In Two Films About Palestinian Struggle, Time Is of the Essence


Dabis’s diagrammatically structured screenplay is built on clear historical parallels and tidy intergenerational contrasts. A young boy adores his father, yet grows up to be despised by his own son. Political rage seems to ebb and flow with each generation. All three major male characters experience Israeli settler violence, the consequences of which are brutal, whether they resist or comply. Dabis embraces the conventions of melodrama with sombre grace. As a director, she orchestrates scenes of separation, discord, and shattering loss with an emotional restraint that’s equally evident in the way she plays the role of Hanan.

Every family may hand down its share of struggles and traumas, but Dabis’s movie suggests that Palestinians living under the yoke of occupation must deal with an especially cruel and binding inheritance. If the story has a principal flaw, it’s that we don’t get enough of a sense of the young man Noor becomes—or of the state of his relationship with his parents—before the events of the third act set in, a deficiency that nonetheless bears out the movie’s point: Noor’s struggles are so closely tied to those of his family that it’s as if he doesn’t even have the luxury of his own fully formed identity. In the end, Salim and Hanan are tasked with some agonizingly significant decisions on their son’s behalf, and “All That’s Left of You” probes those decisions with understated gravity and nuance. The final passages, built around a series of journeys across endlessly contested and coveted terrain, force Salim and Hanan to consider the religious, ethical, medical, and societal implications of a selfless act—and to consider whether that act will, in the unknowable long run, make the world better or worse for the ones they love.

Dabis’s film slipped into U.S. theatres the same week as a more tightly focussed, attention-grabbing tale of Palestinian tragedy, “The Voice of Hind Rajab,” which reduced audiences to tears when it played, last fall, at the Venice International Film Festival and won the Grand Jury Prize there. The movie, which was written and directed by the Tunisian filmmaker Kaouther Ben Hania, is as complete an antithesis to Dabis’s one as could be imagined. “All That’s Left of You” sweeps through generations over nearly two and a half hours; “The Voice of Hind Rajab” is a drama ripped from the headlines that compresses the events of a single day into a taut eighty-nine minutes. The crucial difference between the two films is not just temporal, however, but also formal. Whereas Dabis works in a key of staid, forthright classicism, Ben Hania is bent on shaking up convention, as she did in her previous feature, the metafictional documentary hybrid “Four Daughters” (2023). In her new film, she uses elements of both fiction and nonfiction, and sets them in daring oil-and-water opposition.

The events in question are horrific and well documented.
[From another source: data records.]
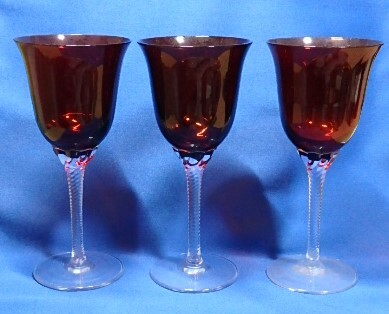 ★ （工芸用被せグラス）ワイングラス３個 高さ16.5ｃｍ サンドブラスト素材・エッチング素材の画像1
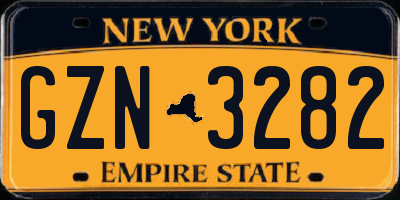 NY license plate GZN3282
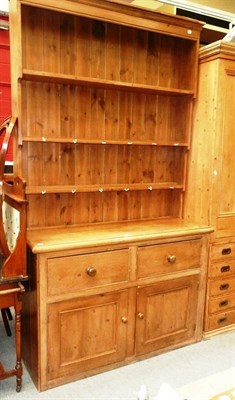 Lot 1182 - Pine dresser and rack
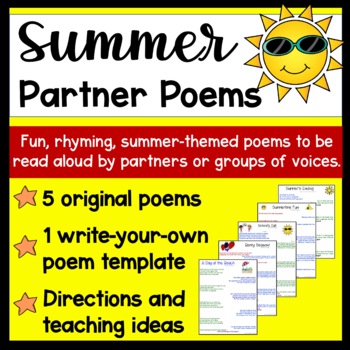Summer Partner Poems By Erin's Classroom Creations 
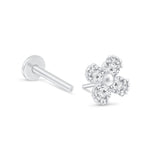 Beaded Four Petal Flower Diamond Flat Back Stud Earrings in Solid 14k White Gold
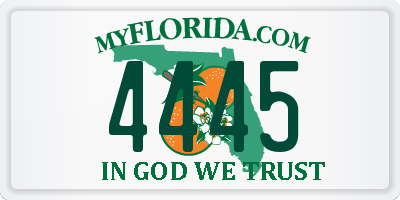 FL license plate 4445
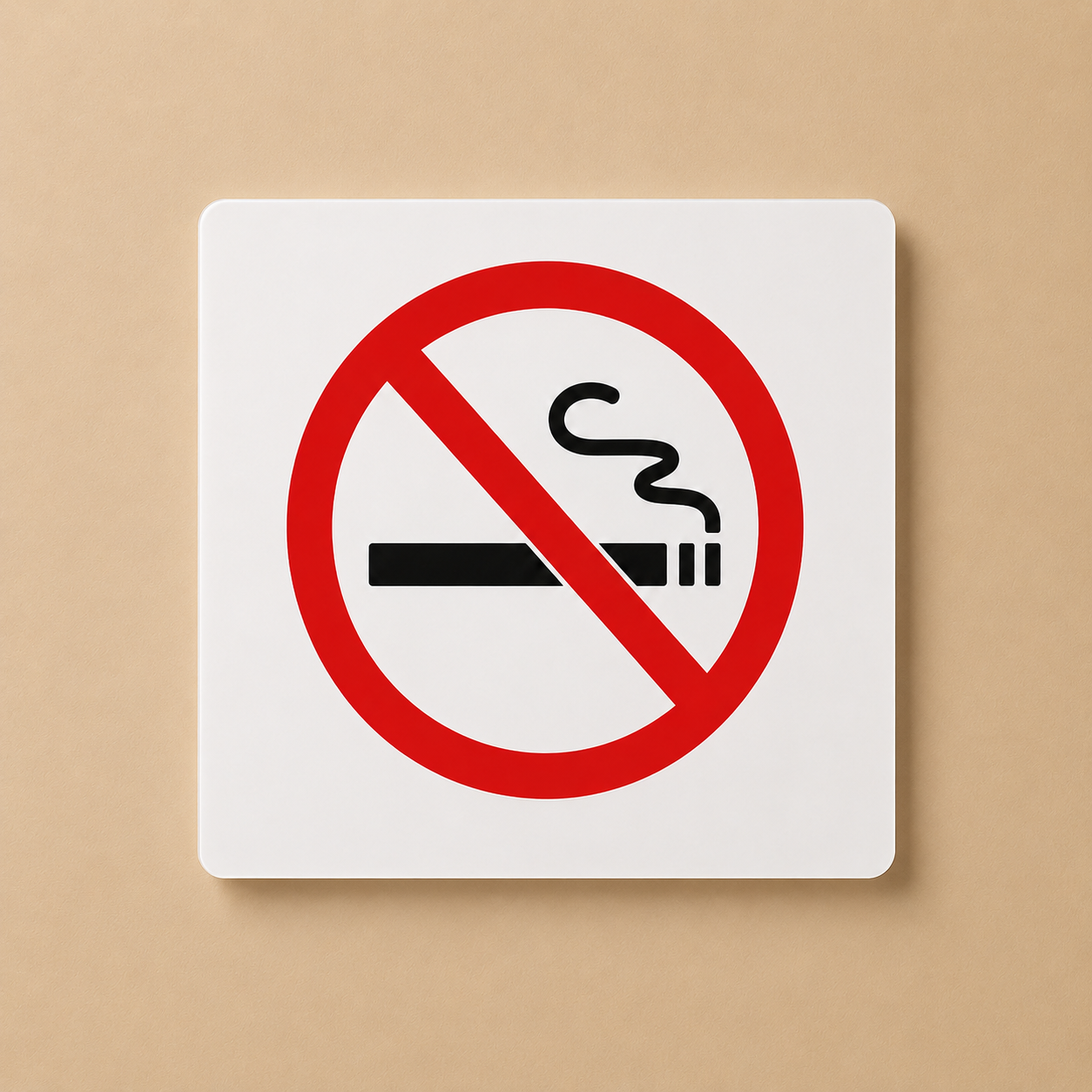 No Smoking 3D Embossed Prohibition Sign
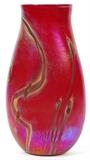 CONTEMPORARY STUDIO GLASS VASE, 1981, H 12", W 6 1/2", SIGNED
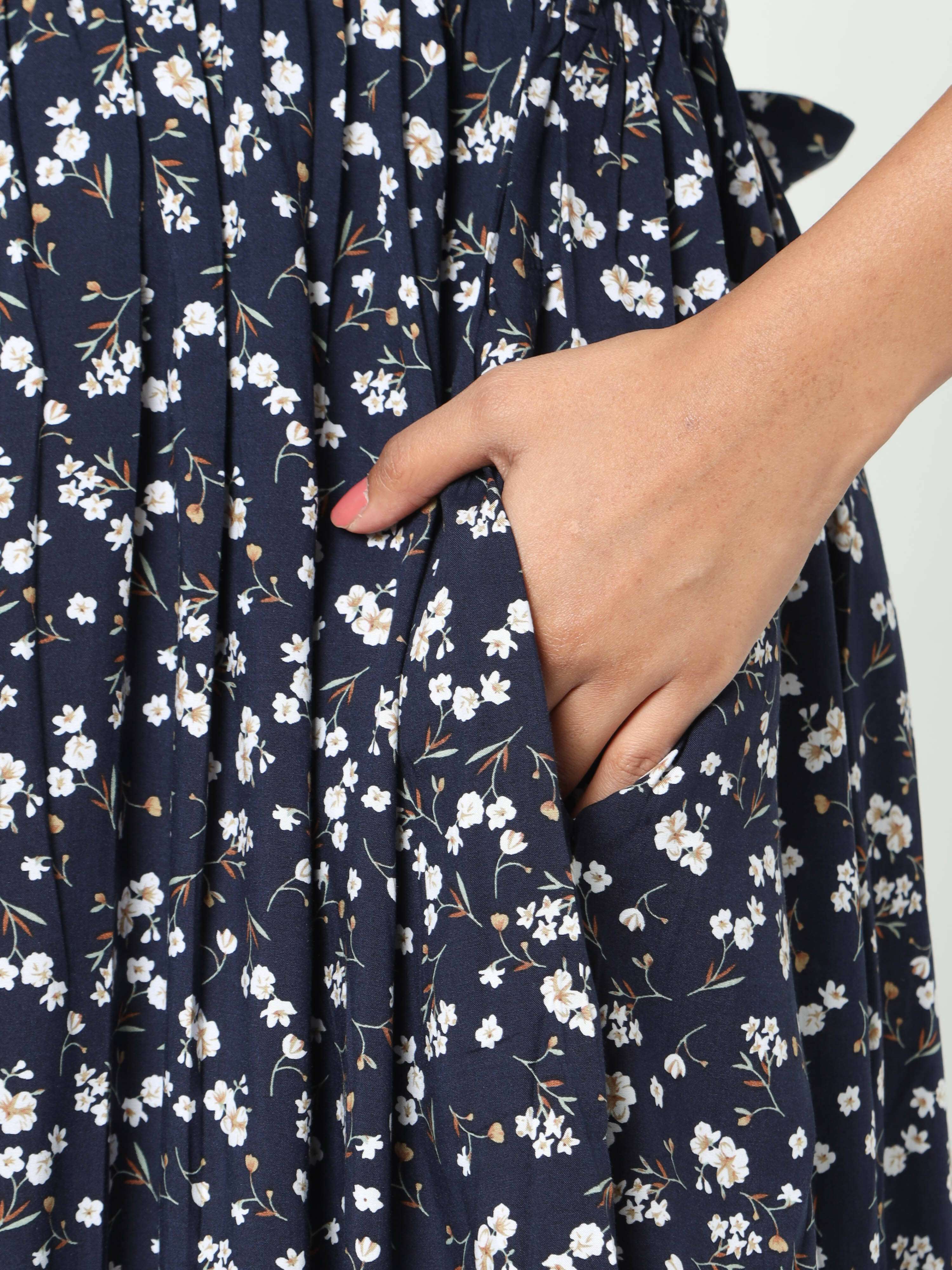 Manet Frill Slevees Maternity Dress Floral Print With Concealed Zipper Nursing Access - Navy - Distacart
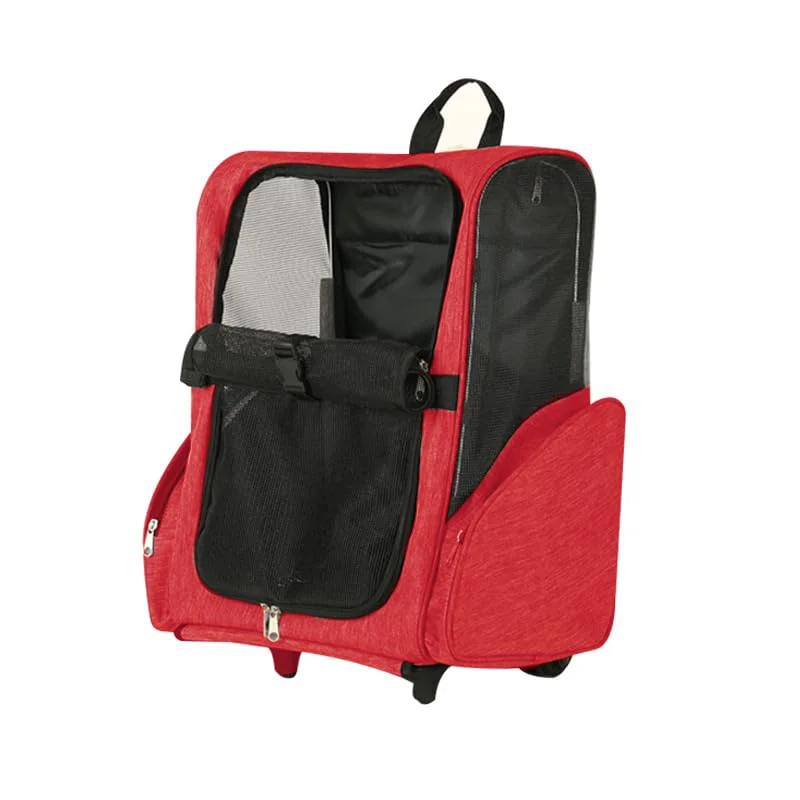 Fashionable Beidingsen Pet Trolley Bag – Lightweight Dual-Shoulder Travel Carrier Red with Foldable Pull Rod High-Quality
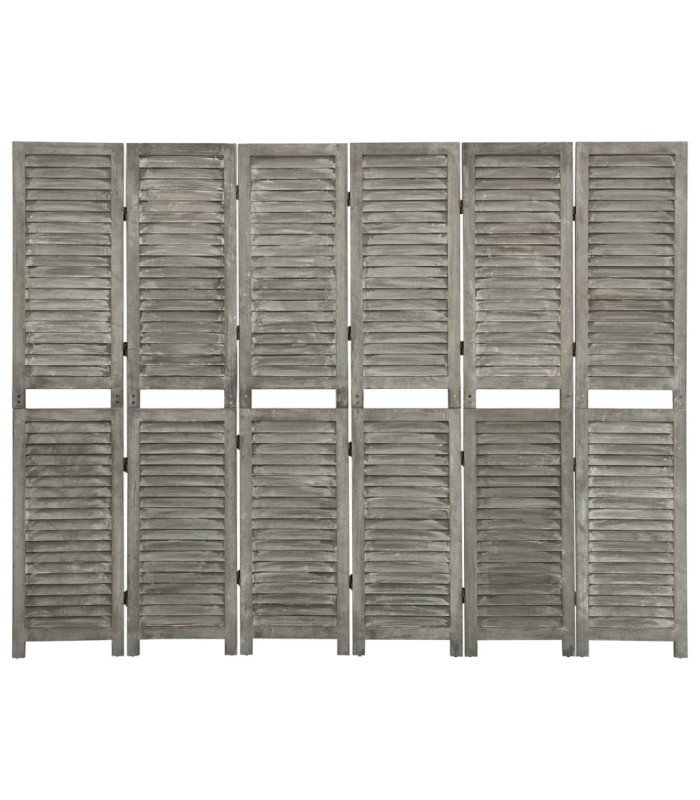 6-panel wooden folding screen with louvers H 170 x L 240 cm
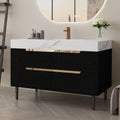 35.4 Modern Bathroom Vanity With Undermount Sink, Sintered Stone Top, Waterproof Multi-Layer Solid Wood, 4 Drawers Storage, Free Standing Wall-Mounted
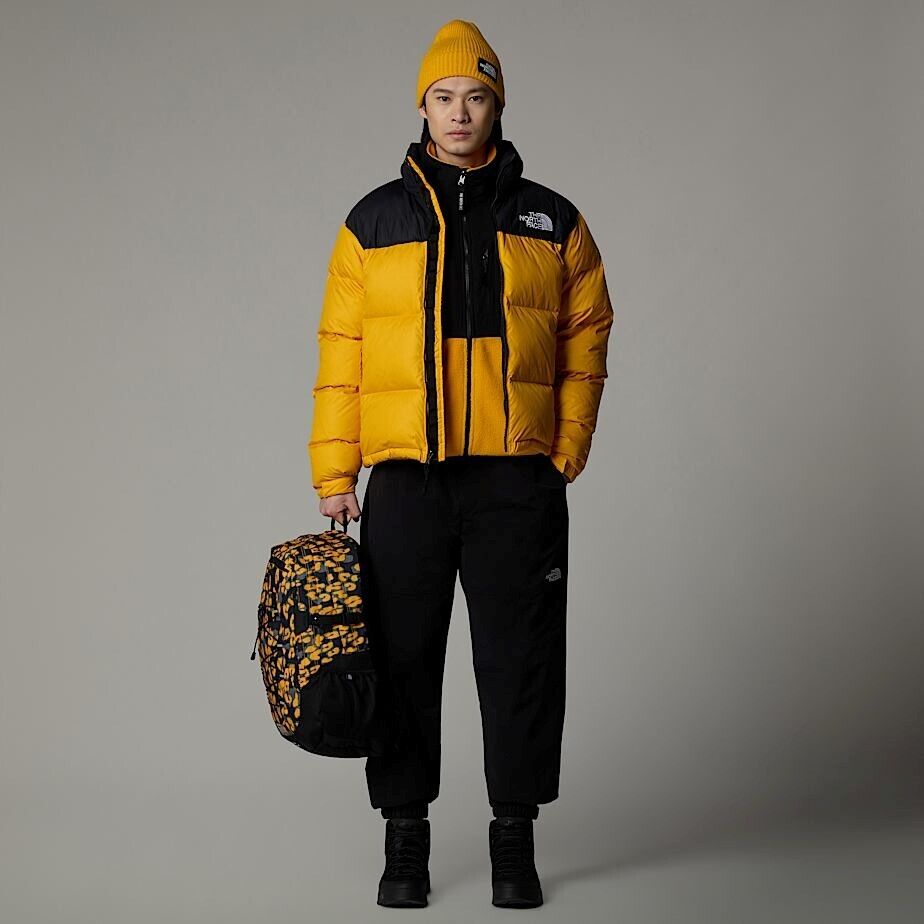 The North Face Mens 1996 Retro Nuptse Puffer Jacket / Black Yellow / RRP £315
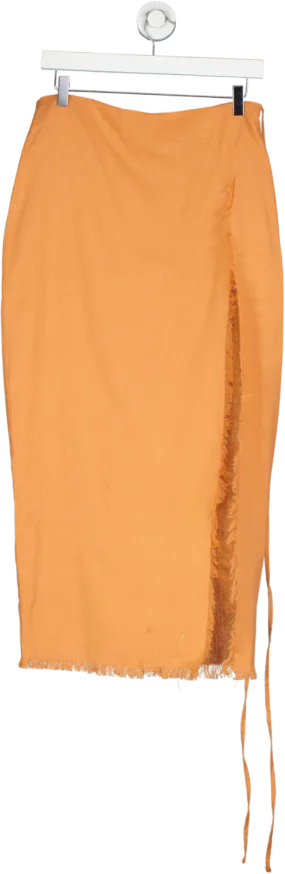 PrettyLittleThing Orange Clay Linen Feel Tie Side Bead Details Midi Skirt UK 10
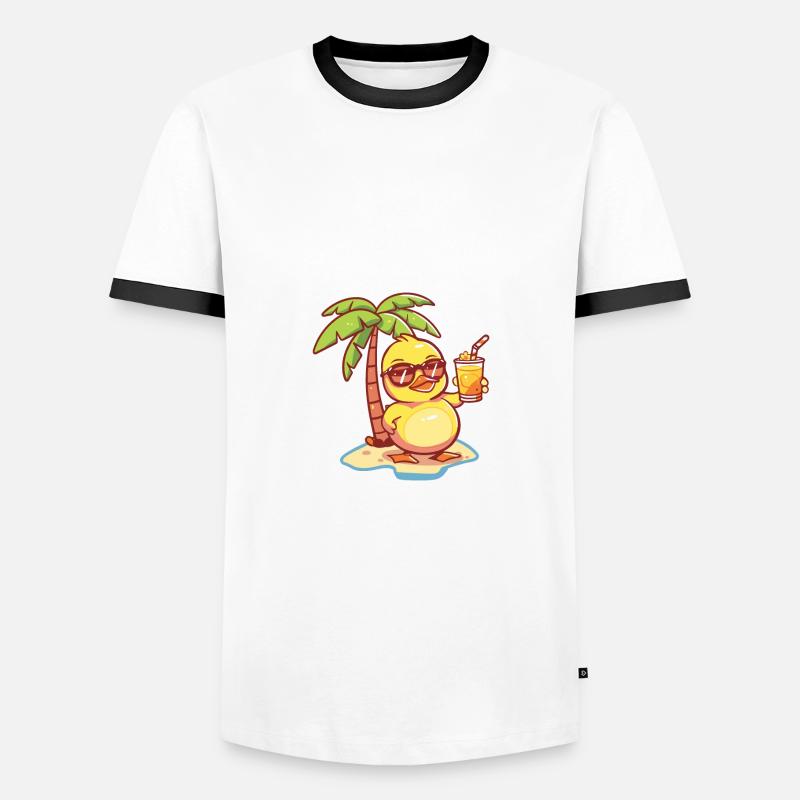Ente Sommer Strand Comic - Männer Kontrast-T-Shirt - Weiß/Schwarz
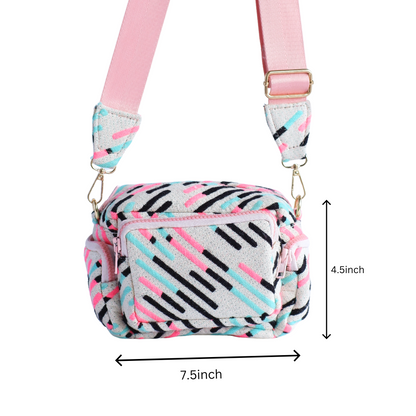 Bubblegum Pink Multi Pocket Sling Bag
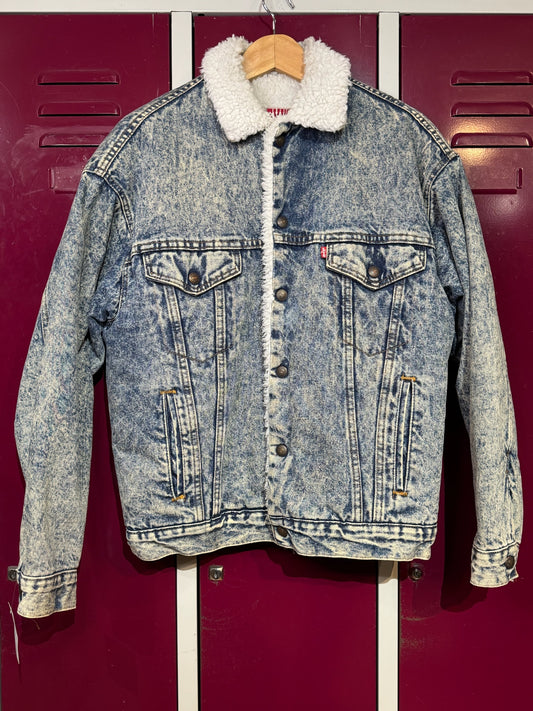 LEVI'S VINTAGE 80s SHERPA ACID WASH DENIM JACKET  SZ: S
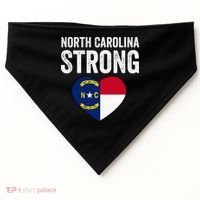 North Carolina Strong With Nc State And Love USA-Made Doggie Bandana thumb 0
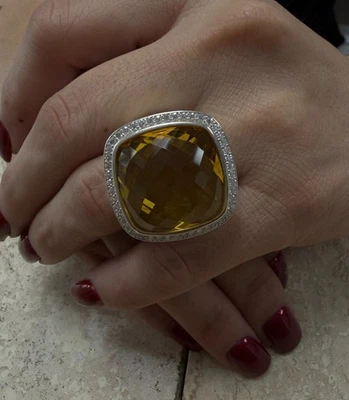Auténtico Anillo David Yurman Albión Limón Citrino Plata de Ley Talla 7 Foto 1 de 4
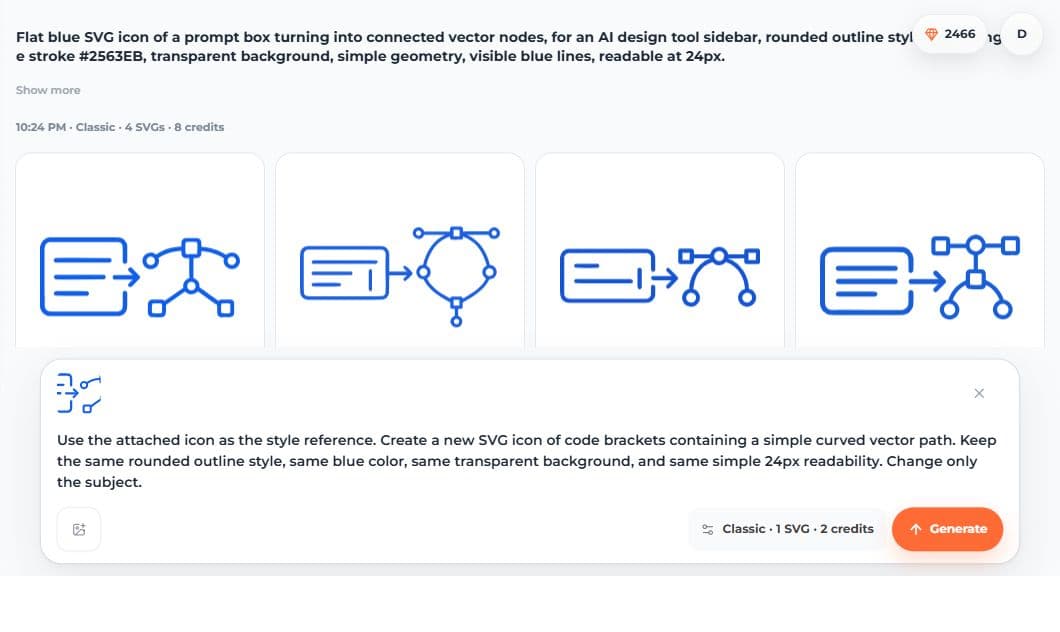 SVG AI reference-guided prompt using a generated SVG icon as the style reference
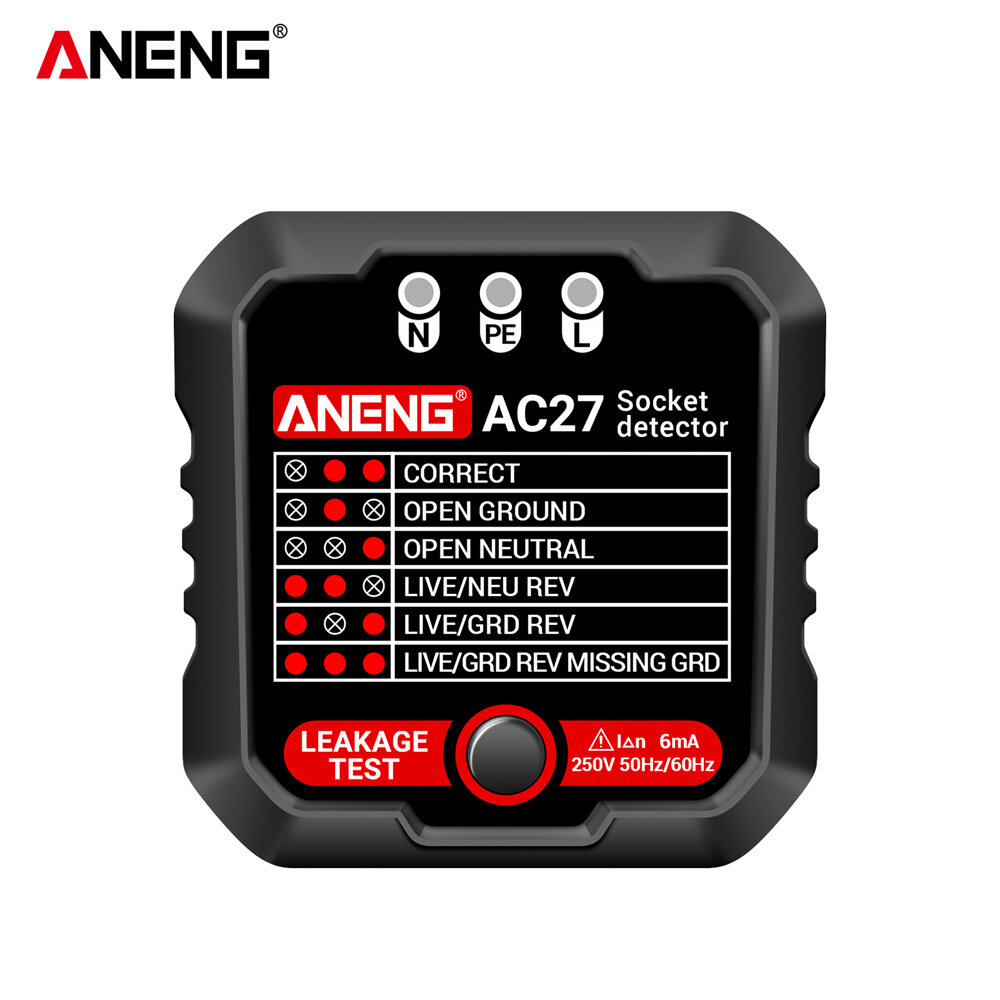 ANENG AC27 Smart Socket Tester EU/US Plug Polarity Phase Check Voltage Detector Test Electroscope Meter Circuit Breaker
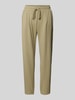 QS Regular fit stoffen broek met bandplooien Olijfgroen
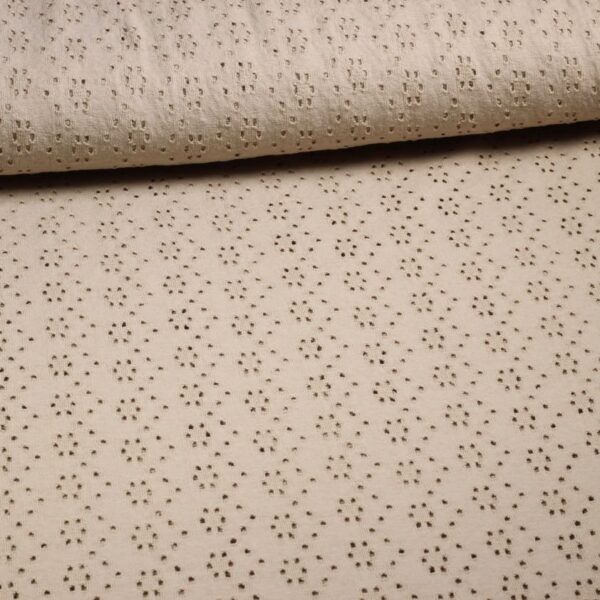 Tissu jersey broderie taupe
On January 29, 2024, as Israel bombarded Gaza, a five-year-old Palestinian girl, Hind Rajab, was in a car with her aunt, uncle, and four cousins trying to flee their neighborhood in Gaza City. An Israeli tank fired on the vehicle, killing everyone inside except Hind and a teen-age cousin, who survived long enough to speak with a dispatcher, Omar Alqam, at a Palestine Red Crescent Society emergency-call center. Over the next several hours, Alqam and his colleagues remained on the line with Hind and arranged for an ambulance to rescue her—a process that necessitated a long wait to secure the Israeli military’s approval. But after the approval was granted the Army shelled the ambulance as it approached the vehicle. Twelve days later, on February 10, 2024, Hind and her relatives, along with two paramedics, Yousef Zeino and Ahmed al-Madhoun, were all found dead at the scene.

In the months that followed, Hind Rajab’s death ignited protests nationwide, and she has become a powerful symbol of the more than sixty-four thousand Palestinian children who have been killed or injured by Israeli attacks since October, 2023. After Ben Hania heard the story, that February, she leapt into action, and the result, the following year, was “The Voice of Hind Rajab.” The film confines its action almost entirely to the P.R.C.S. call center, where a fictionalized version of Omar (Motaz Malhees) tries to keep young Hind on the line. We see Omar argue repeatedly and furiously with a hardheaded supervisor, Mahdi (Amer Hlehel), who refuses to send the ambulance before completing the requisite coördination—a term wielded with the utmost irony—with the Israeli military. We see Omar work closely with a sympathetic fellow-dispatcher, Rana (Saja Kilani), who tries to calm and comfort the young girl as best she can.